The task: Your answer must be an exact copy of the data below, minus any pictures.

Input data:
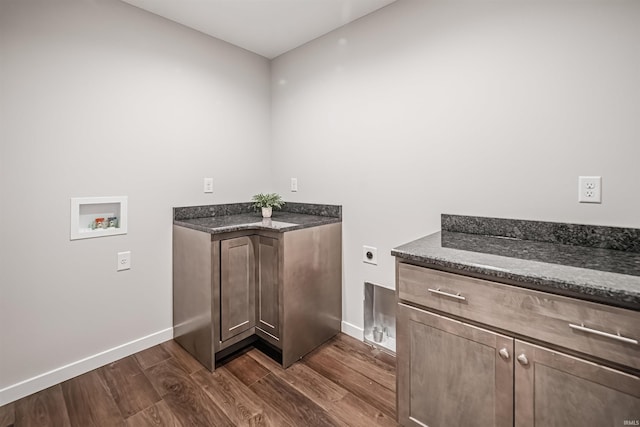 clothes washing area featuring hookup for an electric dryer, hookup for a washing machine, cabinets, and dark wood-type flooring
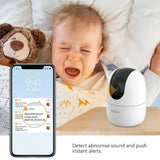 a baby is laying in bed next to a baby monitor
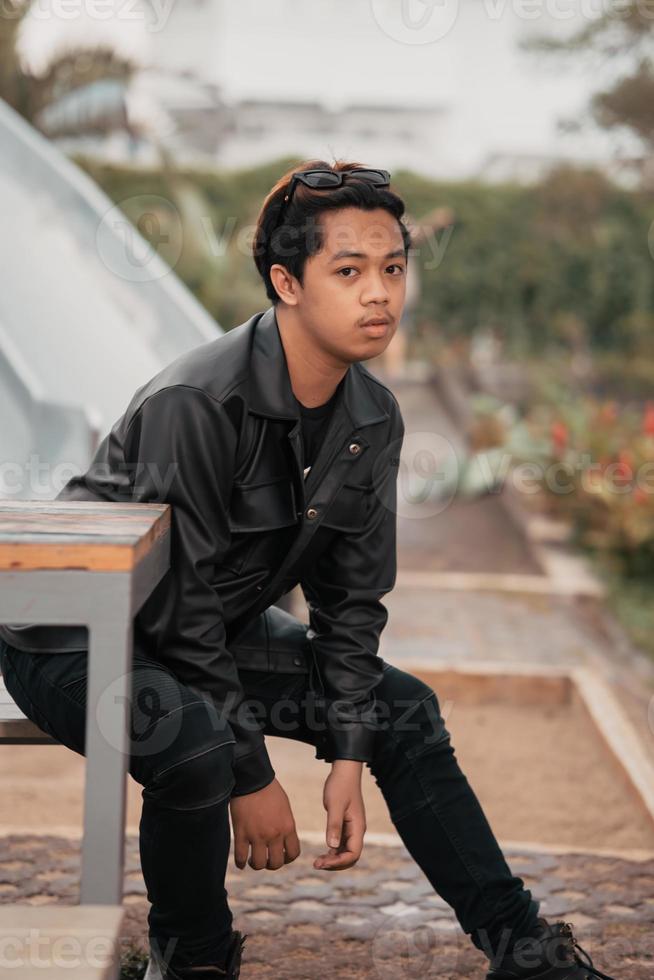 un asiatique homme est séance sur une en bois chaise tandis que portant une noir cuir chemise et veste tandis que élégant avec des lunettes de soleil photo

Task result:
 clothes washing area featuring hookup for an electric dryer, hookup for a washing machine, cabinets, and dark wood-type flooring
 a baby is laying in bed next to a baby monitor
 un asiatique homme est séance sur une en bois chaise tandis que portant une noir cuir chemise et veste tandis que élégant avec des lunettes de soleil photo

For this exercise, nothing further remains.